§ **THE DATA**
= = = =
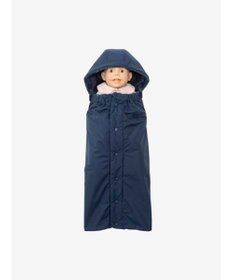 HELLY HANSEN 【ベビー】シャギーフリースレインカバー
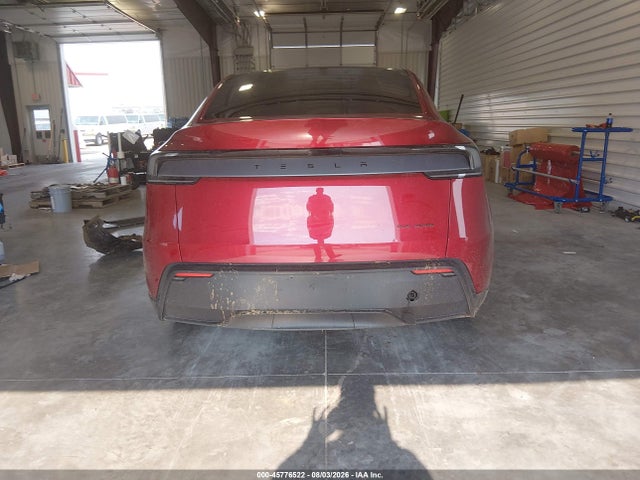 7SAYGDEE3TA697955 Tesla Model Y All-wheel Drive/long Range Launch Series/premium All-wheel Drive
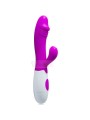 Pretty Love Flirtation Vibrador Snappy - Comprar Conejito vibrador Pretty Love - Conejito rampante (1)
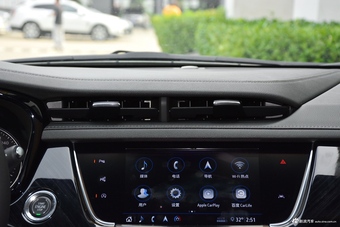 2020款凯迪拉克XT6 2.0T自动豪华型28T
= = = =
§ **WHAT YOU SHOULD DO**
A word-for-word copy of the material is required; pictures stay out of it.

§ **YOUR SOLUTION**
 HELLY HANSEN 【ベビー】シャギーフリースレインカバー
 7SAYGDEE3TA697955 Tesla Model Y All-wheel Drive/long Range Launch Series/premium All-wheel Drive
 Pretty Love Flirtation Vibrador Snappy - Comprar Conejito vibrador Pretty Love - Conejito rampante (1)
 2020款凯迪拉克XT6 2.0T自动豪华型28T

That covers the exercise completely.